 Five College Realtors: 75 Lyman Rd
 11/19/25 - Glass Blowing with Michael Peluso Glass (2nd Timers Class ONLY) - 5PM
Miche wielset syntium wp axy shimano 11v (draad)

---

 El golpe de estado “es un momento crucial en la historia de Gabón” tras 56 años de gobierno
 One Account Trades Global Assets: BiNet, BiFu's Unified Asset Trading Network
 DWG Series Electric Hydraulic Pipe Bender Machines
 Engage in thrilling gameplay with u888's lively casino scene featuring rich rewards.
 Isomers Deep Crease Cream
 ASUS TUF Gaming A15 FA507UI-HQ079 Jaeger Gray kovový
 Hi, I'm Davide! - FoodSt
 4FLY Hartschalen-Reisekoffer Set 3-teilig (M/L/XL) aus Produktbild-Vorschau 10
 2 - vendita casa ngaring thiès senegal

--

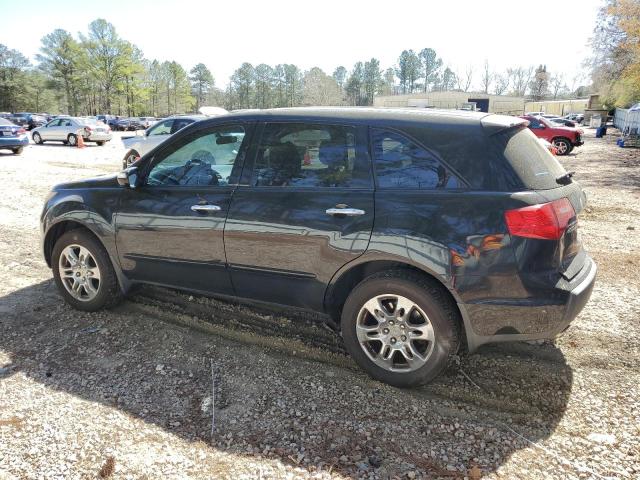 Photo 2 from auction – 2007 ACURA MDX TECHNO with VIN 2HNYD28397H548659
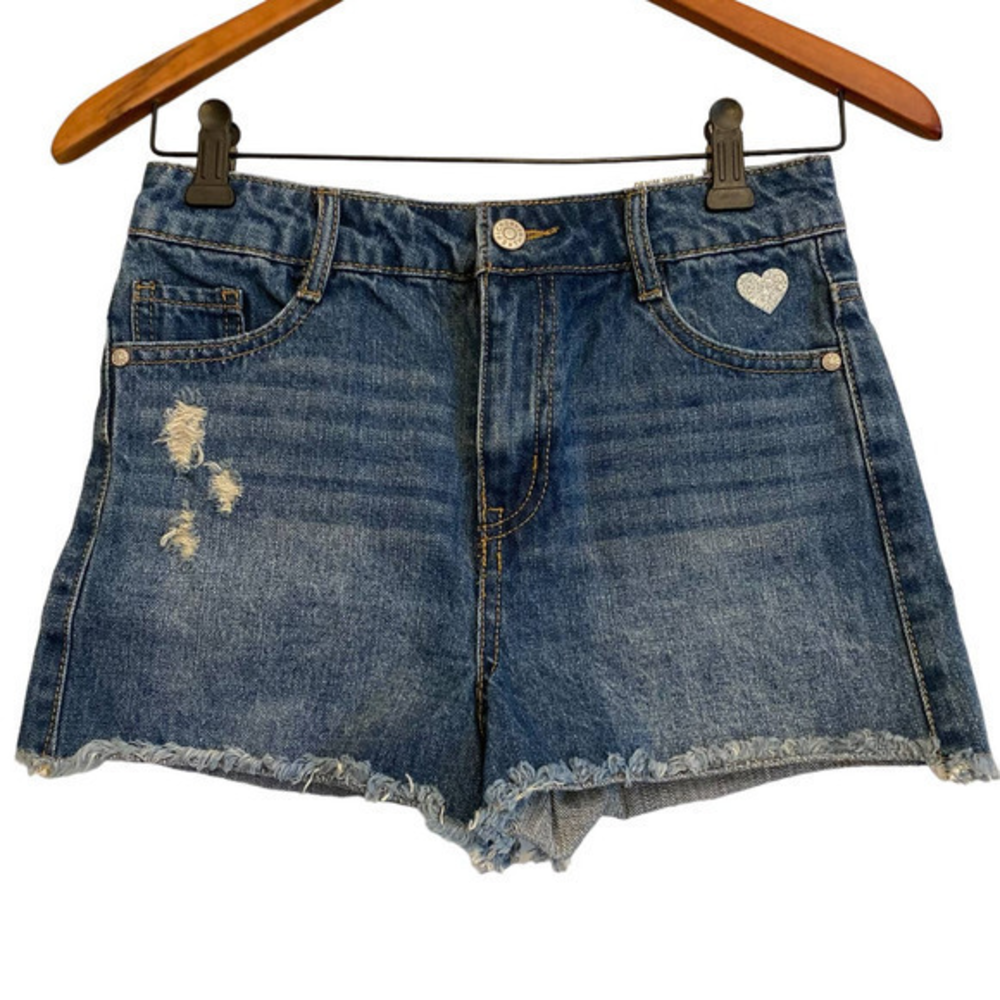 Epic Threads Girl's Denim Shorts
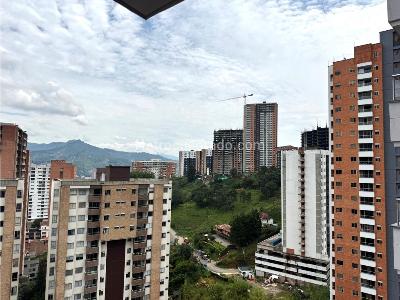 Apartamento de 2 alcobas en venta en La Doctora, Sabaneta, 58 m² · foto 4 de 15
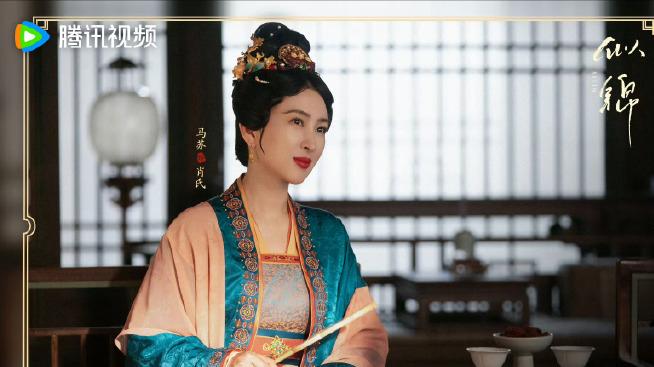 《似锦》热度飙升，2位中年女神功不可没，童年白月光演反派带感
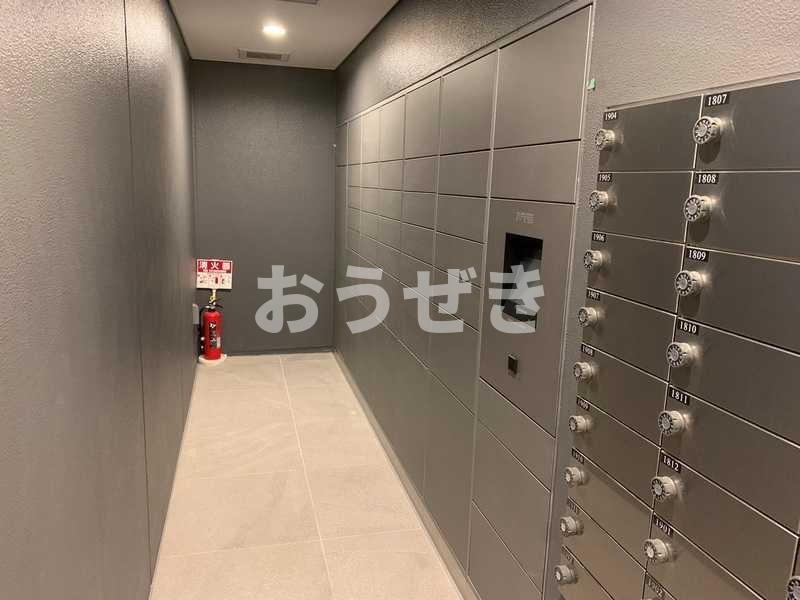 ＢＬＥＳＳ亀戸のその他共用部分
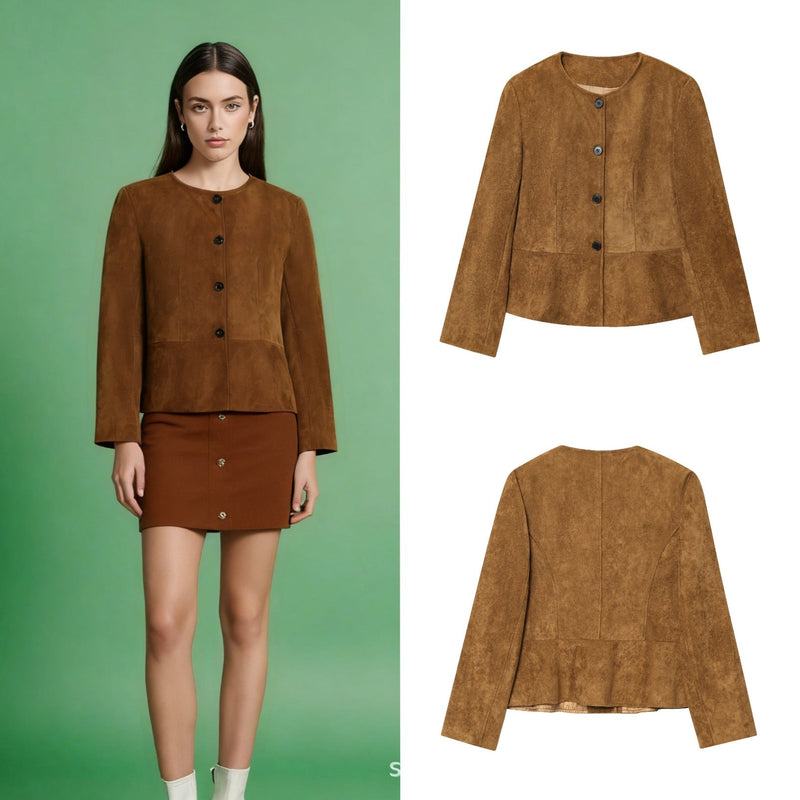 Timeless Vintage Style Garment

#### WHAT YOU HAVE TO DO:
Retype exactly, and only, the lines above from the one where "Five College Realtors: 75 Lyman Rd" occurs up to and including the one where "Miche wielset syntium" occurs.

#### TASK ANSWER:
 Five College Realtors: 75 Lyman Rd
 11/19/25 - Glass Blowing with Michael Peluso Glass (2nd Timers Class ONLY) - 5PM
Miche wielset syntium wp axy shimano 11v (draad)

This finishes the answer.